Créations et ingéniosités

Mohamed El Khalfi fait partie de cette belle brochette artistique originaire du légendaire quartier casablancais Derb Sultan qui jonchent actuellement les cieux. Il part les retrouver, leur dire : « J’étais seul. Je vivais sans compagnie. Les artistes ne daignaient pas demander après moi. Seuls quelques amis prenaient la peine de s’enquérir de ma santé. » Ce sont ses mots, c’est son amertume, c’est son incompréhension. Celui qui traverse les décennies en déversant créations et ingéniosités se retrouve subitement loin des projecteurs, amputé de la reconnaissance de ses compagnons de route encore en « fonction », ignoré par des politiques qui font fi de l’histoire culturelle de leur propre pays, brillant certainement par une lourde inculture. Ajoutons à cela une amnésie cultivée à outrance et l’amour des bâtisseurs se meurt. Tôt dans sa carrière, le frais homme de théâtre croise le chemin de Ahmed Taïeb El Alj, Tayeb Saddiki, Abdelkader El Badaoui. Il est amené à collaborer avec, entre autres, Mustapha Toumi, Abdessalam El Omari, Abdessamad Dinia, Chaïbia El Adraoui, Naima Elmcherqui, Hassan Essakalli, Ahmed Naji, Latifa Kamal, Aïd Mawhoub, Ali Haddani, Abderkader Moutaâ. Dans les années 1980, Mohamed Naji monte la troupe « Les Artistes unis » dont l’une des pièces maîtresses est « La Famille intellectuelle » qui met en vedette Touria Jabrane et Aziz Daïfi.
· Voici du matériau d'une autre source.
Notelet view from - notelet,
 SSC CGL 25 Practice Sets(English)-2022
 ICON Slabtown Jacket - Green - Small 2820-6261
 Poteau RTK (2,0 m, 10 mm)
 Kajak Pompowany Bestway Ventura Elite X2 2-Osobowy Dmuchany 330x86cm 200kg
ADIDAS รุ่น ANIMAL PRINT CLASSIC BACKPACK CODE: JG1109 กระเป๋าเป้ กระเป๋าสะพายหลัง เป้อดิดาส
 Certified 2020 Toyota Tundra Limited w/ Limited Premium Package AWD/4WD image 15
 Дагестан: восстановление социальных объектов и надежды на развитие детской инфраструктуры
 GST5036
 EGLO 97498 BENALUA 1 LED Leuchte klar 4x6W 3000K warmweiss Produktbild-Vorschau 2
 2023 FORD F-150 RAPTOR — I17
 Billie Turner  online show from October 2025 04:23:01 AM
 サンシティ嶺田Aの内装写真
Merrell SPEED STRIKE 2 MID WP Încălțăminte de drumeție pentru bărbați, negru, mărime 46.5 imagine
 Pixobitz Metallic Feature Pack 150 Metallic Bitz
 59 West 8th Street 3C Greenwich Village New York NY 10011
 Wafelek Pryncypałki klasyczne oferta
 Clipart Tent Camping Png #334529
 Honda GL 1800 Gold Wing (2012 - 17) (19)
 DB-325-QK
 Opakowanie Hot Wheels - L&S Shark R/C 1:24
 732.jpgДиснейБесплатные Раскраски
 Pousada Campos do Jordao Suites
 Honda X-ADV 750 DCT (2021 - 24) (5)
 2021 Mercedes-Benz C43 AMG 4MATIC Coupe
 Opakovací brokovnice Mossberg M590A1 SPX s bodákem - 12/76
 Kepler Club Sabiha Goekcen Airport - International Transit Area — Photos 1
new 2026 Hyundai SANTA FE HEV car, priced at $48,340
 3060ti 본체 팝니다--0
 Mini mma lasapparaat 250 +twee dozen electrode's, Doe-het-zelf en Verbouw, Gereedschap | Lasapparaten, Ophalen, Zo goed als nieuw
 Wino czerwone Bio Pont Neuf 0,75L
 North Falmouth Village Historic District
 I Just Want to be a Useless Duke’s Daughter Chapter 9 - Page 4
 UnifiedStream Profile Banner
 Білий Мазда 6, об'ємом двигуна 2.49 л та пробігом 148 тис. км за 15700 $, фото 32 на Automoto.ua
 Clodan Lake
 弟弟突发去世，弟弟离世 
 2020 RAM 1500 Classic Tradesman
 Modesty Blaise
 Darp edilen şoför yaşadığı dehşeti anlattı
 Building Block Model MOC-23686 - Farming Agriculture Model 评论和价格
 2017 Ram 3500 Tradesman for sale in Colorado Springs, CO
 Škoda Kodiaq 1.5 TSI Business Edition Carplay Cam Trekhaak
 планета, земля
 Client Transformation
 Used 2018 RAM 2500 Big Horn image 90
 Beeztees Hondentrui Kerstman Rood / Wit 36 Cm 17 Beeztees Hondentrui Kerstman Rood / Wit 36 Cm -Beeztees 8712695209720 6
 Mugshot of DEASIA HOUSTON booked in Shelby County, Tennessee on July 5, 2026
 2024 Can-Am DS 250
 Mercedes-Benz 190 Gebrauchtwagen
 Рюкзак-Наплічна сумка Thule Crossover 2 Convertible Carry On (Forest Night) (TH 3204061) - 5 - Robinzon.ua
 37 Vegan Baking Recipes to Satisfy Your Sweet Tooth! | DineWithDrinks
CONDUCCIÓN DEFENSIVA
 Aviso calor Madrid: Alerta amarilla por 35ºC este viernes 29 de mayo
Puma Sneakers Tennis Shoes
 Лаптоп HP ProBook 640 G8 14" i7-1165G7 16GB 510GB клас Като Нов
El Khalfi est l’un des premiers comédiens à rejoindre la télévision marocaine à son lancement au début des années 1960. Il présente la première série policière de la chaîne en 1962, intitulée « Le Sacrifice », ainsi que le feuilleton « Le vendeur de pain ». Les productions se suivent avant une traversée du désert et son retour sur 2M pour camper l’un des rôles principaux de la sitcom « Lalla Fatima » avec Khadija Assad et Aziz Saadallah. Son rôle de membre de la famille Benzizi dans cette série, présentée en trois parties, est l’une de ses prestations les plus célèbres pour le téléspectateur.
 
Deux récentes distinctions
 
Quelques mois avant sa mort, il reçoit deux distinctions qui lui ont redonné un respect relatif : la première lors de la 24ème édition du Festival international du cinéma africain de Khouribga en mai 2024 et la deuxième à la cinquième livraison du Festival du film arabe en septembre dernier. On sait que Mohamed El Khalfi, dont l’expérience artistique au théâtre, à la radio, à la télévision et au cinéma s’étend sur une soixantaine d’années, joue des rôles de valeur variable dans un ensemble de longs métrages cinématographiques marocains, parmi lesquels : « Silence, une direction interdite » (1973) de Abdallah El Mesbahi, « Les Beaux jours de Shéhérazade » (1982) de Mustafa Derkaoui, « Le Trouble » (1984) d’Al Khayyat, « Awchtane » (1997), « Hna w Lhih » (2004) de Mohamed Ismail, « La Cinquième corde » (2010) de Salma Bargach, en plus de quelques courts métrages, dont « By the Line of Time » (2006) de Hicham El Asri, « Ghadi Nkemal » (2012) de Rachid Zaki, « Le Sang trahi » de Adil El Fadili. Ainsi s’éteint un grand, ainsi nous regarde-t-il de là où il est, le sourire en coin.